Debates about too much to too little regulation miss the historical context in which our government was instituted: the Lockean tradition, which was largely concerned with property, held property as subject to regulation by the state. “Life, Liberty, and the pursuit of Happiness” is a repurposing of Locke’s “life, liberty, and property.” In his Second Treatise on Civil Government, Locke wrote:
(se. 120) “it would be a direct contradiction, for any one to enter into society with others for the securing and regulating of property; and yet to suppose his land, whose property is to be regulated by the laws of the society, should be exempt from the jurisdiction of that government, to which he himself, the proprietor of the land, is a subject.”
Furthermore, Friedrich Hayek‘s “free market” program, spelled out in The Road to Serfdom (in which he also voiced opposition to laissez-faire capitalism), is quite compatible with a public health care system. After noting that “The functioning of a competition not only requires adequate organization of certain institutions like money, markets, and channels of information — some of which can never be adequately provided by private enterprise” (38) he asserts that “there can be no doubt that some minimum of food, shelter, and clothing, sufficient to preserve health and the capacity to work, can be assured to everybody” (120).
He continues:
“Nor is there any reason why the state should not assist the individuals in providing for the common hazards of life against which, because of their uncertainty, few individuals can make adequate provision. Where, as in the case of sickness and accident, neither the desire to avoid such calamities nor the efforts to overcome their consequences are as a rule weakened by the provision of assistance — where, in short, we deal with genuinely insurable risks — the case for the state’s helping to organize a comprehensive system of social insurance is very strong” (121).

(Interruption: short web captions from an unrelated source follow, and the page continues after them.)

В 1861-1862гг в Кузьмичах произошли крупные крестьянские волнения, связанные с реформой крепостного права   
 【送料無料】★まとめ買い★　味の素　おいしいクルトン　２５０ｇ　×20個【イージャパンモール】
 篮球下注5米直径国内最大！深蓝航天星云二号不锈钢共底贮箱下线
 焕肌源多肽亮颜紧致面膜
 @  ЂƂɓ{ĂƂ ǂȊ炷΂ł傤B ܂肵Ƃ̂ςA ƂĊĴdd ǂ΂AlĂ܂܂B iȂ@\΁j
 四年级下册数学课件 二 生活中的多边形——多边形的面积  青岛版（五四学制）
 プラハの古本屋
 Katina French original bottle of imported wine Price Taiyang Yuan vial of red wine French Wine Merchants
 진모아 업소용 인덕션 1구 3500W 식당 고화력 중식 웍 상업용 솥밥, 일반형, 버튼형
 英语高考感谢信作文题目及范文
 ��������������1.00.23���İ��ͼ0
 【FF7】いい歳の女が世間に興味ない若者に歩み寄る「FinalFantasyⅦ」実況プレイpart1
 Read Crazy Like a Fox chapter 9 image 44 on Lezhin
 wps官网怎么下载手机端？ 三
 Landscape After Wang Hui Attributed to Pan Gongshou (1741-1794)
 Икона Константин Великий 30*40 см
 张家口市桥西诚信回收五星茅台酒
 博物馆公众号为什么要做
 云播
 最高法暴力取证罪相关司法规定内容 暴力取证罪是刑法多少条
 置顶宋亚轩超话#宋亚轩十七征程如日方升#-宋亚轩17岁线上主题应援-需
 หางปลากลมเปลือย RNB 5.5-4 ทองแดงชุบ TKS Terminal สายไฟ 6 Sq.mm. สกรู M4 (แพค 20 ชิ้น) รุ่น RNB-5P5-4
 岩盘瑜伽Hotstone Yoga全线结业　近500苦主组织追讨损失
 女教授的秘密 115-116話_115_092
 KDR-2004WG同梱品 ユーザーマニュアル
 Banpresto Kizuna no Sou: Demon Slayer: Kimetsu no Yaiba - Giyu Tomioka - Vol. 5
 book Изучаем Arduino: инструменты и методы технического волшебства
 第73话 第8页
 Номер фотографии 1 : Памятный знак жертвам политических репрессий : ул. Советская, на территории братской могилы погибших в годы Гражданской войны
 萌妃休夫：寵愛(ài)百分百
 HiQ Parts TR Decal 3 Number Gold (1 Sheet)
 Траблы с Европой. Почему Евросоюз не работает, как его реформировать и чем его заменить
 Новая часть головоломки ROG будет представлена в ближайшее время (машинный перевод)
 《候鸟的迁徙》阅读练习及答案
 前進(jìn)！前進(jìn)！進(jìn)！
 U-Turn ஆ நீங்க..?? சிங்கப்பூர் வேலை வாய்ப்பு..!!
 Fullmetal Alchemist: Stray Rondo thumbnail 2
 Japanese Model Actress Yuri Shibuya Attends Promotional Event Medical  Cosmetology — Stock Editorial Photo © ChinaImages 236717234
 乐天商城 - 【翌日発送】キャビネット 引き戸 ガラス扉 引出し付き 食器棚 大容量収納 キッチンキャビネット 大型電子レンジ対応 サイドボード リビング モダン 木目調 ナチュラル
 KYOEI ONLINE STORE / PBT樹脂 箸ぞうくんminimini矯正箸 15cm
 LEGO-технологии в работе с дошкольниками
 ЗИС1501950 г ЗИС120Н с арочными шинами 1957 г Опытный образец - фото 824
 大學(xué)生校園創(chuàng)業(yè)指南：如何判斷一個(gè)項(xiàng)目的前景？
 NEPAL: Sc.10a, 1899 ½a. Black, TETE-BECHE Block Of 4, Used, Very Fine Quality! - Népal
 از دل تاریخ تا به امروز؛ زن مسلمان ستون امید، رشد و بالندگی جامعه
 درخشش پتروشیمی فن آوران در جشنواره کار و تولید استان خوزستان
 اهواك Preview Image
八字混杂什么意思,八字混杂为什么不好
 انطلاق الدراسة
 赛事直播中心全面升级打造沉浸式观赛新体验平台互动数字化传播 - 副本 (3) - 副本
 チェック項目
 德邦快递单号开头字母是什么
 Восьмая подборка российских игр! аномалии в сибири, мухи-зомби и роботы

The Intellectual Poverty of Modern Libertarianism
The rhetoric that modern Libertarian thought borrows from classical anarchism neatly ignores the economic equality imperative that anarchists considered to be inseparable from absolute individualism. Modern Libertarianism also glosses over the bitter disputes between Marxists and anarchists: there is a tendency to view Communism as monolithic and as opposed to pure Capitalism; yet anarchism represents a third position, opposed to both Capitalism and Communism. Under the anarchist critique, for example, Communist China can be seen exactly for what it is: not a Communist enterprise in any substantive sense, but rather, as a variety of state capitalism.